(Input material)
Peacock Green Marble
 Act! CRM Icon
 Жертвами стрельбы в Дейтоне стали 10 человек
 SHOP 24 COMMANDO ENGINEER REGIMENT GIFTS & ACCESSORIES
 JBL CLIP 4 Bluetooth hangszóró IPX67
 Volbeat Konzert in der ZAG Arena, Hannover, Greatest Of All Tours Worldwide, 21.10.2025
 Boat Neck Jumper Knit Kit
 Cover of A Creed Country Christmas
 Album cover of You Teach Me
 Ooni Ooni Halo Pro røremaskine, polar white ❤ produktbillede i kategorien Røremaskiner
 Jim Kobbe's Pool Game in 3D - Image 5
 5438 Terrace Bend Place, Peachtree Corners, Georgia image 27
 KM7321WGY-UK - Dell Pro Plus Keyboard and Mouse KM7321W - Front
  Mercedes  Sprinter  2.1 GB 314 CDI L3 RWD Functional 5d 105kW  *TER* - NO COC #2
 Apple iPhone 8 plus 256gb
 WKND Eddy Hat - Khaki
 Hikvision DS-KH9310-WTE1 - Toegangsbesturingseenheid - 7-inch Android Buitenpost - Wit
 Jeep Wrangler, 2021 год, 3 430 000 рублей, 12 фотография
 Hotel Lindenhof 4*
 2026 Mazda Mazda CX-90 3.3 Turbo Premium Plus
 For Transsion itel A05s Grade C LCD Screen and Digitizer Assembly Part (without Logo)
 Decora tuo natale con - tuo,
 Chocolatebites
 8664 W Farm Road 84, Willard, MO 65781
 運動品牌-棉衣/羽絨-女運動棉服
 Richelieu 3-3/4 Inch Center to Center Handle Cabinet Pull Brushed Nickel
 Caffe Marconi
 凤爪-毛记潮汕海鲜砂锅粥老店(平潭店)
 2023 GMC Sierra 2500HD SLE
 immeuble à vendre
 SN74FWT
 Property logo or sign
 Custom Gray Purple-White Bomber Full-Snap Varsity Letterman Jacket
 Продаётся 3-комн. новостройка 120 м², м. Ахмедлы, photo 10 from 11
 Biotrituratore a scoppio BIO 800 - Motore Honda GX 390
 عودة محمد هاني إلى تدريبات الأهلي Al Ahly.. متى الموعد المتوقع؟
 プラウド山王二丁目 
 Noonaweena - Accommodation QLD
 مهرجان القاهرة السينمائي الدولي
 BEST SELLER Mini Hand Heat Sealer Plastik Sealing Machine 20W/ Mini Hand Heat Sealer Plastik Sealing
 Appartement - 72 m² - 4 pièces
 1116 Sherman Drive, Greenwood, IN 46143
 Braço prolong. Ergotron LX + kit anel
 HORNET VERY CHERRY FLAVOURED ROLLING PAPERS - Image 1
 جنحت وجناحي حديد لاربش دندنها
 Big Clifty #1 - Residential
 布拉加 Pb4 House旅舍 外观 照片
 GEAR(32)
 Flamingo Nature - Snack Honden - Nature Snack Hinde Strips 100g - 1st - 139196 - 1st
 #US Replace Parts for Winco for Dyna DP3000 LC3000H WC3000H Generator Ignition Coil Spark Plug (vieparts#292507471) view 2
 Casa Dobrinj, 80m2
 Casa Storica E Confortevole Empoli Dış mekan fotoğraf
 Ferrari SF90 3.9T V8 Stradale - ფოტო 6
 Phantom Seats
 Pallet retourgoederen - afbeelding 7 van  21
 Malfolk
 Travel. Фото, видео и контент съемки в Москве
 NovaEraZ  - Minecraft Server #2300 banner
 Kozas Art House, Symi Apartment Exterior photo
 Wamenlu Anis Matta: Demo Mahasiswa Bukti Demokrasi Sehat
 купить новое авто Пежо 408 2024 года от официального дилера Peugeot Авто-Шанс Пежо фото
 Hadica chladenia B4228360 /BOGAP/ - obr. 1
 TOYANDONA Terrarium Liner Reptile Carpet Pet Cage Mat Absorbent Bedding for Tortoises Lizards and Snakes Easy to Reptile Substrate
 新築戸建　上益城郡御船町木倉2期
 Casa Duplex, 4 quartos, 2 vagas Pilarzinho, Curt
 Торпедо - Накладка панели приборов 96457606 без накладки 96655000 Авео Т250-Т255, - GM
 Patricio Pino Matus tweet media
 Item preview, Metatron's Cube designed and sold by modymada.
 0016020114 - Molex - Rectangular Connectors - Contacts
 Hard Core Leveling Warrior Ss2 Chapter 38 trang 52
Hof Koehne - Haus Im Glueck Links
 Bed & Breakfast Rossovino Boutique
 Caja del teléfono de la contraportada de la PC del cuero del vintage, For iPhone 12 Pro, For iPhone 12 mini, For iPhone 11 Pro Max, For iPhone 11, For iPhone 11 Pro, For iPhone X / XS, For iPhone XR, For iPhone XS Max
(End Input material)
What to produce
Repeat each record word for word.

Answer to this exercise
Peacock Green Marble
 Act! CRM Icon
 Жертвами стрельбы в Дейтоне стали 10 человек
 SHOP 24 COMMANDO ENGINEER REGIMENT GIFTS & ACCESSORIES
 JBL CLIP 4 Bluetooth hangszóró IPX67
 Volbeat Konzert in der ZAG Arena, Hannover, Greatest Of All Tours Worldwide, 21.10.2025
 Boat Neck Jumper Knit Kit
 Cover of A Creed Country Christmas
 Album cover of You Teach Me
 Ooni Ooni Halo Pro røremaskine, polar white ❤ produktbillede i kategorien Røremaskiner
 Jim Kobbe's Pool Game in 3D - Image 5
 5438 Terrace Bend Place, Peachtree Corners, Georgia image 27
 KM7321WGY-UK - Dell Pro Plus Keyboard and Mouse KM7321W - Front
  Mercedes  Sprinter  2.1 GB 314 CDI L3 RWD Functional 5d 105kW  *TER* - NO COC #2
 Apple iPhone 8 plus 256gb
 WKND Eddy Hat - Khaki
 Hikvision DS-KH9310-WTE1 - Toegangsbesturingseenheid - 7-inch Android Buitenpost - Wit
 Jeep Wrangler, 2021 год, 3 430 000 рублей, 12 фотография
 Hotel Lindenhof 4*
 2026 Mazda Mazda CX-90 3.3 Turbo Premium Plus
 For Transsion itel A05s Grade C LCD Screen and Digitizer Assembly Part (without Logo)
 Decora tuo natale con - tuo,
 Chocolatebites
 8664 W Farm Road 84, Willard, MO 65781
 運動品牌-棉衣/羽絨-女運動棉服
 Richelieu 3-3/4 Inch Center to Center Handle Cabinet Pull Brushed Nickel
 Caffe Marconi
 凤爪-毛记潮汕海鲜砂锅粥老店(平潭店)
 2023 GMC Sierra 2500HD SLE
 immeuble à vendre
 SN74FWT
 Property logo or sign
 Custom Gray Purple-White Bomber Full-Snap Varsity Letterman Jacket
 Продаётся 3-комн. новостройка 120 м², м. Ахмедлы, photo 10 from 11
 Biotrituratore a scoppio BIO 800 - Motore Honda GX 390
 عودة محمد هاني إلى تدريبات الأهلي Al Ahly.. متى الموعد المتوقع؟
 プラウド山王二丁目 
 Noonaweena - Accommodation QLD
 مهرجان القاهرة السينمائي الدولي
 BEST SELLER Mini Hand Heat Sealer Plastik Sealing Machine 20W/ Mini Hand Heat Sealer Plastik Sealing
 Appartement - 72 m² - 4 pièces
 1116 Sherman Drive, Greenwood, IN 46143
 Braço prolong. Ergotron LX + kit anel
 HORNET VERY CHERRY FLAVOURED ROLLING PAPERS - Image 1
 جنحت وجناحي حديد لاربش دندنها
 Big Clifty #1 - Residential
 布拉加 Pb4 House旅舍 外观 照片
 GEAR(32)
 Flamingo Nature - Snack Honden - Nature Snack Hinde Strips 100g - 1st - 139196 - 1st
 #US Replace Parts for Winco for Dyna DP3000 LC3000H WC3000H Generator Ignition Coil Spark Plug (vieparts#292507471) view 2
 Casa Dobrinj, 80m2
 Casa Storica E Confortevole Empoli Dış mekan fotoğraf
 Ferrari SF90 3.9T V8 Stradale - ფოტო 6
 Phantom Seats
 Pallet retourgoederen - afbeelding 7 van  21
 Malfolk
 Travel. Фото, видео и контент съемки в Москве
 NovaEraZ  - Minecraft Server #2300 banner
 Kozas Art House, Symi Apartment Exterior photo
 Wamenlu Anis Matta: Demo Mahasiswa Bukti Demokrasi Sehat
 купить новое авто Пежо 408 2024 года от официального дилера Peugeot Авто-Шанс Пежо фото
 Hadica chladenia B4228360 /BOGAP/ - obr. 1
 TOYANDONA Terrarium Liner Reptile Carpet Pet Cage Mat Absorbent Bedding for Tortoises Lizards and Snakes Easy to Reptile Substrate
 新築戸建　上益城郡御船町木倉2期
 Casa Duplex, 4 quartos, 2 vagas Pilarzinho, Curt
 Торпедо - Накладка панели приборов 96457606 без накладки 96655000 Авео Т250-Т255, - GM
 Patricio Pino Matus tweet media
 Item preview, Metatron's Cube designed and sold by modymada.
 0016020114 - Molex - Rectangular Connectors - Contacts
 Hard Core Leveling Warrior Ss2 Chapter 38 trang 52
Hof Koehne - Haus Im Glueck Links
 Bed & Breakfast Rossovino Boutique
 Caja del teléfono de la contraportada de la PC del cuero del vintage, For iPhone 12 Pro, For iPhone 12 mini, For iPhone 11 Pro Max, For iPhone 11, For iPhone 11 Pro, For iPhone X / XS, For iPhone XR, For iPhone XS Max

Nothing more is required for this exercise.